Instructions for the task:
Transcribe, exactly as they appear, only the lines from the one holding "Cuzcare Bunion Corrector" through the end of the entries below.

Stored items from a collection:
[Start of section]

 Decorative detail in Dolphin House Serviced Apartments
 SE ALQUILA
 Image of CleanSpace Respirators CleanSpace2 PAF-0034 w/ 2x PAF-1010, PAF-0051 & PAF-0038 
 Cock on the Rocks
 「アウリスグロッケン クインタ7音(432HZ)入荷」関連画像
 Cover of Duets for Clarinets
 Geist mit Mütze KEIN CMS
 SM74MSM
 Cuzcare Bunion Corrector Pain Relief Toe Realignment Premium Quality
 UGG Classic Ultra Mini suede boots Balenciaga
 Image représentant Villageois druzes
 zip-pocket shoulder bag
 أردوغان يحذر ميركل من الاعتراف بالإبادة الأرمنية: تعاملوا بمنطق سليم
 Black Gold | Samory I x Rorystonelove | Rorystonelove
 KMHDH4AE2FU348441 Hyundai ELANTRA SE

[End of section]

Written reply:
 Cuzcare Bunion Corrector Pain Relief Toe Realignment Premium Quality
 UGG Classic Ultra Mini suede boots Balenciaga
 Image représentant Villageois druzes
 zip-pocket shoulder bag
 أردوغان يحذر ميركل من الاعتراف بالإبادة الأرمنية: تعاملوا بمنطق سليم
 Black Gold | Samory I x Rorystonelove | Rorystonelove
 KMHDH4AE2FU348441 Hyundai ELANTRA SE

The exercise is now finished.